Performance of this polite rain dance reveals a group of paintings of remarkable freshness. The sensation balances between a hope they represent a taste for crispness on Mme. Picasso’s part and a suspicion that the maestro may have been inclined to palm off unfinished pictures on her. A significant number--such as representions of a dog and a rooster--are little more than gray, monochrome, line-and-wash renderings that look like the opening moves on pictures than never got any further. One has the choice of finding them interesting insights into a great painter’s attack or disappointingly thin.

Advertisement

If the latter conclusion is reached, there are compensations. There are nice little oddities, such as a dove painted by Picasso’s teacher-father, and one of his own precocious demonstrations, a very solid academic oil study of “The Flight Into Egypt” done when he was 14 years old. There’s a blue period nude, a dazzling trio of bullfight-theme pictures and a tour-de-force 1964 “Jacqueline Seated With Her Cat.” In it, he moves effortlessly from a Cubist body to a classical head and throws in an Expressionist kitty for laughs.

It may just be impossible to do a bad Picasso exhibition. The man was such a phenomenon, a pictorial genius with more moods than a Colette heroine, more insight than Svengali and more bratty choler than Rollo the Rich Kid. Looking, you can’t decide whether to be more amazed at his technical command or his temperamental range.
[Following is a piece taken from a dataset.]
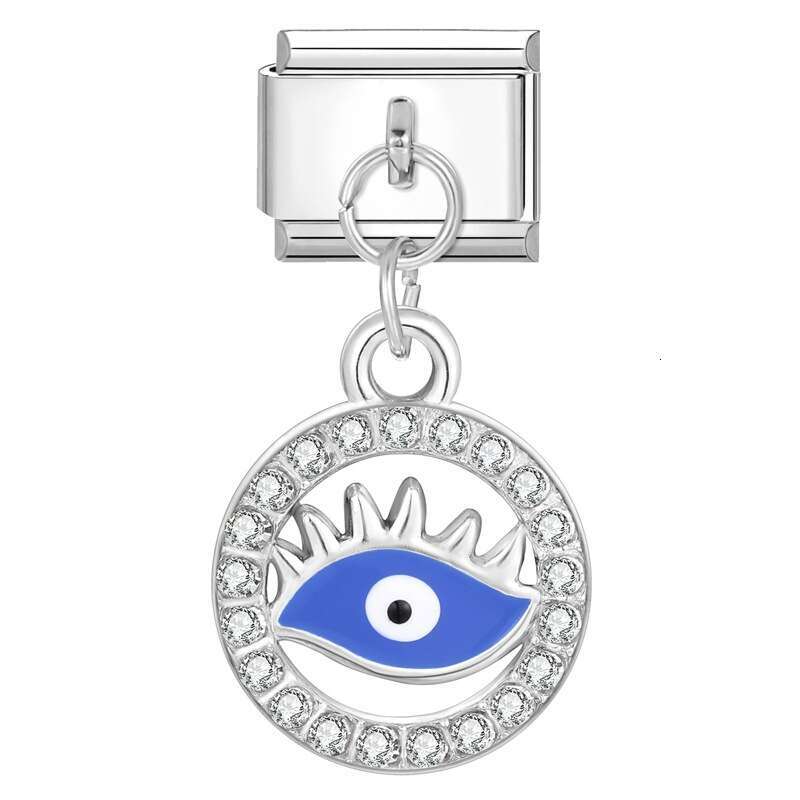 New Women's Gift Blue eyes Pendant Italian Charms Links Bangle Beads Fit 9mm Stainless Steel Bracelet Making DIY For Women Fashion Jewelry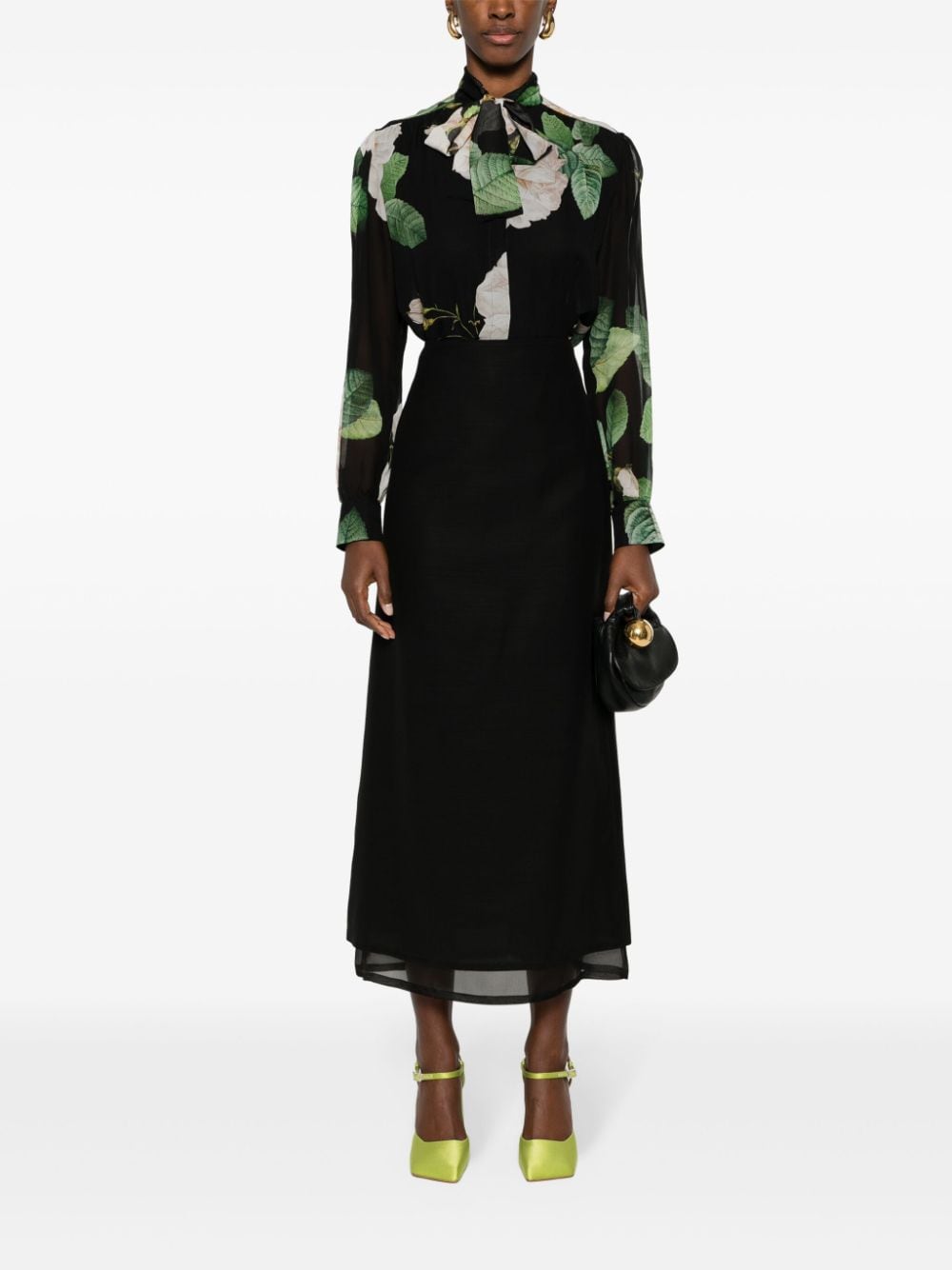 Giambattista Valli Zijden overhemd met bloemenprint - Zwart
One minute he’s this delicate sentimentalist painting his son as Pierrot, the next he’s mad old Lear having a tantrum over age and impotence.

All that given, the closest thing this show offers to a new insight is the whiff of a hint that Picasso may have done something he is never suspected of doing. It looks like, just maybe, the old boy occasionally worried about other artists even after he was the undisputed King of the Hill. Some late pictures suggest he couldn’t resist the urge to prove he could beat Willem de Kooning and Francis Bacon at their own games. For good measure, he tossed some Bronx cheers in the direction of the Minimalist and Pop artists. Maybe.

But truth to tell, these unseen Picassos inspire nothing beyond routine (if scarely insignificant) admiration. The show balances its interesting offbeatness with gaping holes in the Cubist period and scarely a great painting from any time.

Finally, the Montreal exhibitions make a cosmopolitan city of 3 million souls look a bit provincial. The shows not only succumb to the extravaganza syndrome, they try to repeat previous successes. May St. Catherine preserve us, the museum world is now spawning sequels, just like Hollywood.